* TASK BRIEF: What lines in the data hold the string "Street"? Show them.

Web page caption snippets
_ _ _ _ _

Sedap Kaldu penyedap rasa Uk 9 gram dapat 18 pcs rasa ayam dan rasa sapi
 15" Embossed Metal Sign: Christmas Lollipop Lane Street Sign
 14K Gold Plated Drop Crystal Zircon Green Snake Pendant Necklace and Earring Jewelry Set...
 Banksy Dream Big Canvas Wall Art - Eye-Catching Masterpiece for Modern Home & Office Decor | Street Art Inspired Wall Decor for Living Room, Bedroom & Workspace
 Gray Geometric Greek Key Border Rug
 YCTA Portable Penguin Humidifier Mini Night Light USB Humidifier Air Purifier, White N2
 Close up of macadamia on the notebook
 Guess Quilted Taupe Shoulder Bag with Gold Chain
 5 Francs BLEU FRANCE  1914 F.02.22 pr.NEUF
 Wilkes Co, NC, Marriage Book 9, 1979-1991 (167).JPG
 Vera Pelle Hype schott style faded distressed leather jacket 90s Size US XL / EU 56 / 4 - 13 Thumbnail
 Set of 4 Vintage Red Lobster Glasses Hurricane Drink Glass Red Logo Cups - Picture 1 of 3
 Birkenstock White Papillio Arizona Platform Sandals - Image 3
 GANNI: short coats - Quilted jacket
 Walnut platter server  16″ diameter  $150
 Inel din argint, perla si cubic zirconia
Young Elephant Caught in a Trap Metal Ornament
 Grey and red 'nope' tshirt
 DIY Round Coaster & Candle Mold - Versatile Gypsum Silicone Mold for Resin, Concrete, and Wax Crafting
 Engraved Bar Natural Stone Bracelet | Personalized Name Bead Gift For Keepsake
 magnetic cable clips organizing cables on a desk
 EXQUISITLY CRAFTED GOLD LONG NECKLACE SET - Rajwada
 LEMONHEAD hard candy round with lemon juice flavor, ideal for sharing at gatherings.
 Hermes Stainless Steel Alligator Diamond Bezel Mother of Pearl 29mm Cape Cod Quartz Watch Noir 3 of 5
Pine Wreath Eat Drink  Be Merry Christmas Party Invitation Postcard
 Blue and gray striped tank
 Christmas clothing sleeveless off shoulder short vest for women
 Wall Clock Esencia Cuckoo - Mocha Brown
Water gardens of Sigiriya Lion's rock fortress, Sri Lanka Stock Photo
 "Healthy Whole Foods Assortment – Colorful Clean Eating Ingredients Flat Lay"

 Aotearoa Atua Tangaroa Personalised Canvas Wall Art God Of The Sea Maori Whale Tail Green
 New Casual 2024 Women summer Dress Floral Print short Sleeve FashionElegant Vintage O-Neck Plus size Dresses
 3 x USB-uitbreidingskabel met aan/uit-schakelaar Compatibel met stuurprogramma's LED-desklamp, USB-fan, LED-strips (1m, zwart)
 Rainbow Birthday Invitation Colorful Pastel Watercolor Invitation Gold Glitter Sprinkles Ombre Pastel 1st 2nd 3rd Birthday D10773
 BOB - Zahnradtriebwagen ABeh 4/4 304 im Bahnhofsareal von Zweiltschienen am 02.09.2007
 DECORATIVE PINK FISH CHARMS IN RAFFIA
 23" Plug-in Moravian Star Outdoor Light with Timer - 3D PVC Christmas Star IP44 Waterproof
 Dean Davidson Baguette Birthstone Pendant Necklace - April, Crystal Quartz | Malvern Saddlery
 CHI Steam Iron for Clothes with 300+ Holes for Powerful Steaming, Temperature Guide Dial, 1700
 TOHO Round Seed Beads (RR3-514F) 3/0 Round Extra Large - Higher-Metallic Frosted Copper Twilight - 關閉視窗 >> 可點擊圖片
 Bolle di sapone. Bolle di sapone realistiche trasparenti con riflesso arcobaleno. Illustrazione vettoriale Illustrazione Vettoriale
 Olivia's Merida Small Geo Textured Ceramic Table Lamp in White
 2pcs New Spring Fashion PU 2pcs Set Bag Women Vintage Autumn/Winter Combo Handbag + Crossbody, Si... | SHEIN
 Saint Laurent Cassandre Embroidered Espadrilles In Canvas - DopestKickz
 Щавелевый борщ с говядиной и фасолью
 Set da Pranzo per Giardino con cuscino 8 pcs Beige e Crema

_ _ _ _ _

* WRITTEN REPLY:
 15" Embossed Metal Sign: Christmas Lollipop Lane Street Sign
 Banksy Dream Big Canvas Wall Art - Eye-Catching Masterpiece for Modern Home & Office Decor | Street Art Inspired Wall Decor for Living Room, Bedroom & Workspace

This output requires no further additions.